Participant founder Jeff Skoll made opening remarks by recounting how his then-nascent company set out to make a film version of what was really just a slide show Gore was taking around the country in an effort to get people to hear his impassioned message about the dangers of global warming and climate change. Most notably, he said, one of their shoots where Gore was doing his presentation for a group of insurance adjusters in a Southern city had to be postponed. That city was New Orleans, and the reason was a hurricane by the name of Katrina. Skoll says that was a turning point for the film. Upon completion, it debuted at Sundance, where the company thought it just might make a little ripple. “Participant came into that Sundance with two documentaries. One we thought would likely go to air on PBS, and the other might be a global phenomenon. The World According to Sesame Street was the one we thought would be the phenomenon, but it went instead to PBS. And An Inconvenient Truth was picked up by our friends at Paramount and has done all the things it has done,” said Skoll, who has built his company on making films that can inspire and get people involved, something they pioneered with Truth. He then introduced Gore, who praised Skoll. “He has done something no one else has done: to make entertaining media with very powerful messages that are designed to change the world for the better,” he said before noting Guggenheim was the irreplaceable creative force that shaped the movie.

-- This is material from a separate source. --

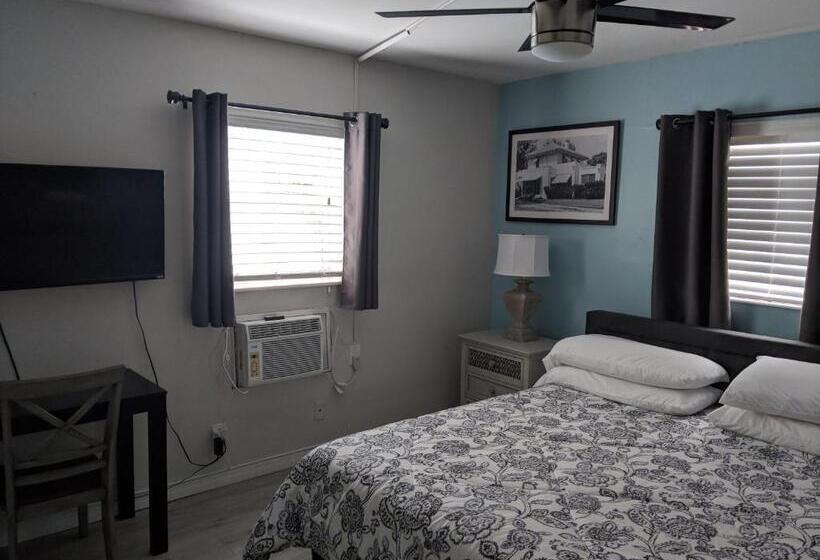 شقة غرفة واحدة, Ashley Brooke Beach Resort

“I thought it was a terrible idea to try and make a slide show into a movie. I was deeply affected by whoever it was who first said with very thick sarcasm, ‘Al Gore doing a slideshow? What part of that doesn’t scream blockbuster?'” he laughed. Gore said Guggenheim has a disarming interview style that forced him to peel back the layers of his psyche and made him understand his motivations and the issues of the film even better than he had before. “You could go into psychiatry if you wanted to give up directing, Davis,” the ex-veep said, going on note the contributions of the film’s producers including Lesley Chilcott, Lawrence Bender, Scott Z. Burns and Laurie David — all but David were there last night — along with then-President of Participant Ricky Strauss (now marketing wizard at Disney) and Participant documentary head Diane Weyermann. He also noted the distribution and marketing efforts of Paramount’s team including Megan Colligan, who was on hand as well.

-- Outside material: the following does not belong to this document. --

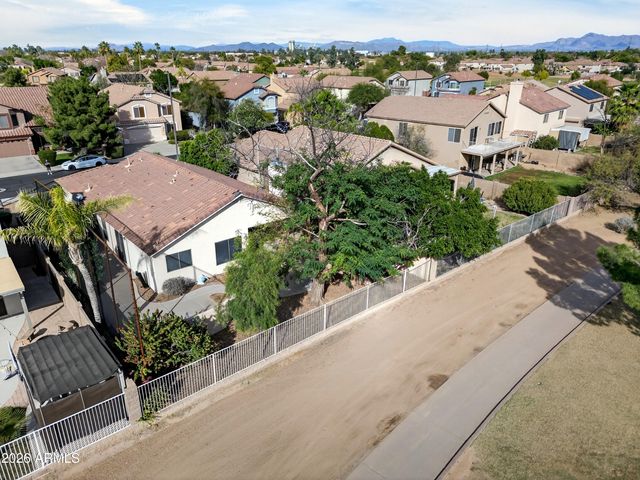 1365 E BETSY Lane, Gilbert, AZ 85296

Gore talked proudly about the recent Paris agreement in which 197 nations sign landmark accords regarding climate change. He said it was a major turning point, even though he says it’s not time to celebrate quite yet because there is so much more to do. This 10-year anniversary notes how far the movement has come. “We had a sense of mission and it came together and it made one hell of a difference,” Gore told the packed crowd. “But for all the joy that I feel on this 10th anniversary, I will not celebrate because obviously the hard part still lies ahead of us. We are way behind on the scoreboard where the climate crisis is concerned. But the momentum has shifted.”

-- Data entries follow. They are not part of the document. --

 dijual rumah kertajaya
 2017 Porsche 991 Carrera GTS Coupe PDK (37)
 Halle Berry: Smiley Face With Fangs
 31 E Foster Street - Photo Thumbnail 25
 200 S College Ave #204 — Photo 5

Afterward I asked Gore what he thought about the criticism about the Paris agreement from presumptive GOP nominee Donald Trump, who said it should be re-negotiated. Gore didn’t want to comment on the record. As for the power that movies can have, he said he was enlightened on that. “I found it out. I didn’t know it at the time,” he told me, while noting surprise when I said An Inconvenient Truth remains the only documentary to win more than one Oscar (in addition to Documentary Feature it also won for Melissa Etheridge’s song “I Need to Wake Up”). Asked if there might be a sequel? “Never say never,” Gore smiled.